** Work instructions **
Produce a verbatim copy of the data below that contains no pictures.

Supplied information START

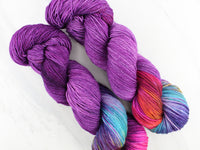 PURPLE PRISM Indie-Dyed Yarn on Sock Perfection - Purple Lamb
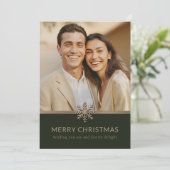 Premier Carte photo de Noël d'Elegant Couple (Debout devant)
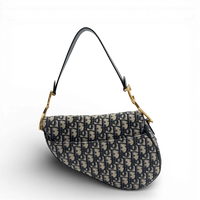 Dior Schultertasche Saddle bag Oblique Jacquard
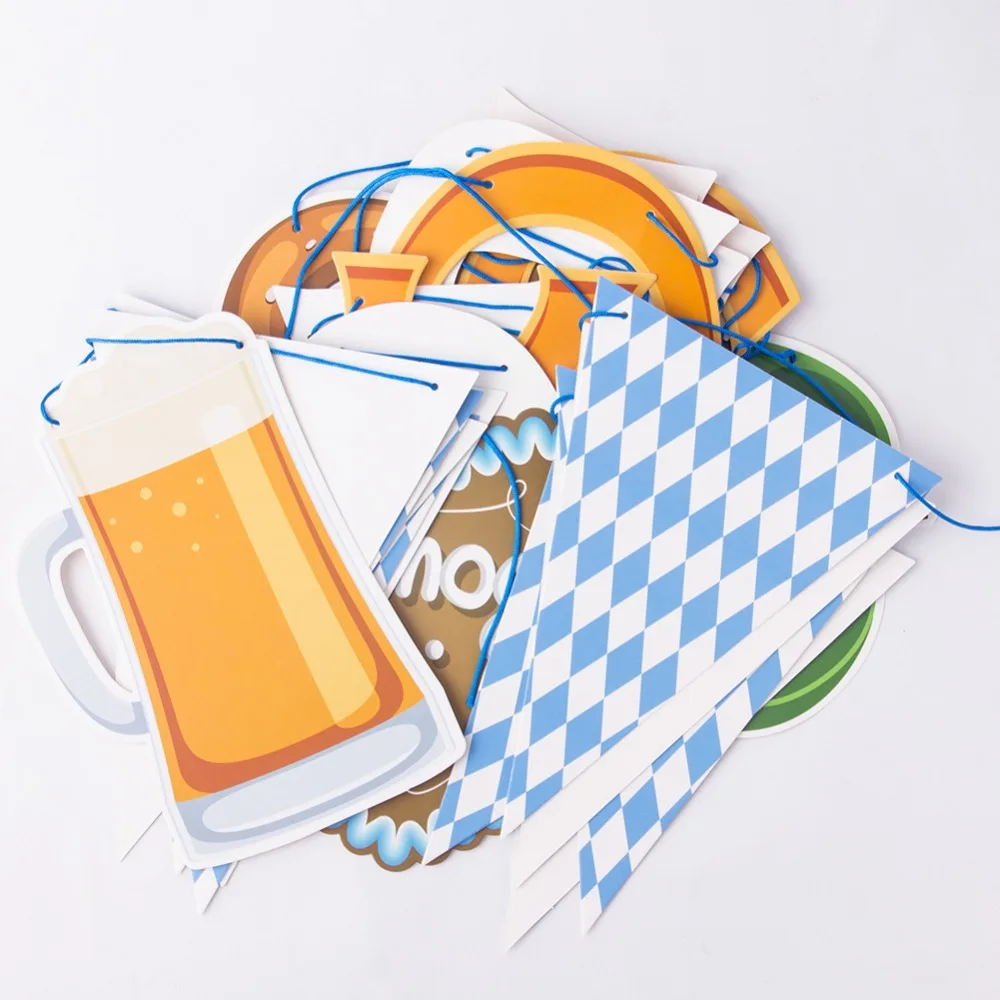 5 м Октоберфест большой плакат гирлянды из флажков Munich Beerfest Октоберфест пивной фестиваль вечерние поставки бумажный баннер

Supplied information END

** Written response **
 PURPLE PRISM Indie-Dyed Yarn on Sock Perfection - Purple Lamb
 Premier Carte photo de Noël d'Elegant Couple (Debout devant)
 Dior Schultertasche Saddle bag Oblique Jacquard
 5 м Октоберфест большой плакат гирлянды из флажков Munich Beerfest Октоберфест пивной фестиваль вечерние поставки бумажный баннер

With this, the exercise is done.